1989 attempted expulsion of suspected sex workers from Washington, D.C.

The 1989 DC Prostitute Expulsion was the attempted forced removal of a group of suspected sex workers in Washington, D.C., by members of the D.C. police in the early morning of July 25, 1989. Police officers, frustrated by inability to clean up the prostitution problem in D.C.'s 14th Street red-light district, where several police districts came together and prostitutes could easily avoid enforcement efforts by crossing the street, ordered a group of around twenty-four scantily clad women to march from the Thomas Circle area, down 14th Street toward Arlington County, Virginia, via the 14th Street Bridge.

As the group passed the Washington Monument at about 1:30 in the morning, Washington Post reporter Bill Dedman happened by in a taxi on his way home from the Post newsroom, and began interviewing the women and police officers. He ran to the Agriculture Department building across the Mall to use a pay phone to ask the Post metro desk to send a photographer.

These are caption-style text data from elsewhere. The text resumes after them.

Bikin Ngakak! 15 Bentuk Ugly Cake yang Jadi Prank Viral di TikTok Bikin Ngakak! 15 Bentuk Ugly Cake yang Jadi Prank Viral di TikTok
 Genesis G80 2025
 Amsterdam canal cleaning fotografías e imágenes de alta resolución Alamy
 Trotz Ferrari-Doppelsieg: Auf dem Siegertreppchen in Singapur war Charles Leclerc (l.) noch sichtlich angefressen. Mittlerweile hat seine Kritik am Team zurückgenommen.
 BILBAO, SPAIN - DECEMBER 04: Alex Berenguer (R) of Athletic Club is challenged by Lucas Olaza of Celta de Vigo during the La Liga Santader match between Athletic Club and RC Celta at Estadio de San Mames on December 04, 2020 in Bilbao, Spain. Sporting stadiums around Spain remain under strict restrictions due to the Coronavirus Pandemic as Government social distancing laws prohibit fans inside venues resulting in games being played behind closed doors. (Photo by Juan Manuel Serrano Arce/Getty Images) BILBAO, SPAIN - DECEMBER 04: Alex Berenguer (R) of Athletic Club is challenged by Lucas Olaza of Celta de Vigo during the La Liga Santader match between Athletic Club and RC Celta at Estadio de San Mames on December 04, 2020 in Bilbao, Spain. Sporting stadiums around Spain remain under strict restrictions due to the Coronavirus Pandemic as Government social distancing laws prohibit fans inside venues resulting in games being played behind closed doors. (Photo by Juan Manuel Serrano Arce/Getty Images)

Before a photographer could be sent, Post photographer Stephen Jaffe also happened by on his way home from another assignment. Post police reporter Jeffrey Goldberg soon arrived. Jaffe began taking photos, causing the police officers to flee.

The women never crossed the bridge, but photos of the parade on the bridge's approach ramp demonstrated the police officers' intent to make them march into Virginia. The women had been marched over a mile down 14th Street. After the police left, the women were driven back to Thomas Circle by men in vans, who had been following the parade at a distance, and most were back on street corners within half an hour.

On the front page of The Washington Post the next day, Dedman and Goldberg recounted the events:

District police have started a new push on prostitution – all the way to Virginia.

Beginning about 1:30 a.m. yesterday at 14th and M streets NW, officers rounded up 24 women from downtown street corners and ordered them on a forced march to the state line.

The angry line of women, many of whom were dressed in leather miniskirts and brightly colored tube tops, ambled 1.4 miles down the left lane of 14th Street, through the business district and across the Mall, grumbling and carrying their spiked-heel shoes all the way.

A police scout car with flashing blue and red lights led the procession and another brought up the rear.

"They said they were taking us to Virginia, that we could work over there," said a woman who identified herself as Toni. "They said we'd go to jail if we stopped."

The next day, Goldberg and Dedman reported that Arlington County police officers admitted having sent homeless people and the mentally ill across the Arlington Memorial Bridge into D.C. in the past. Virginia politicians expressed outrage at the D.C. police action. Congressman Stanford Parris, who represented Virginia's 8th congressional district, complained "We get all the sludge, all the garbage, most of the prisoners, and now their prostitutes." A trade union for prostitutes threatened a lawsuit against the city. In an editorial, The Washington Post lamented, "It is a demeaning spectacle to have human beings herded like cattle in the middle of the night. It is cynical to push a problem into someone else's territory as if that were a solution."

The Post reported the next month that a top police official recommended discipline for a police sergeant who had ordered the march. No discipline was recommended for the four patrol officers in D.C.'s 3rd police district, who had followed the sergeant's orders to force the women to march. "Rules were broken," said Deputy Chief Edward J. Spurlock. "It was a breach of normal police procedure . . . It was not the crime of the century."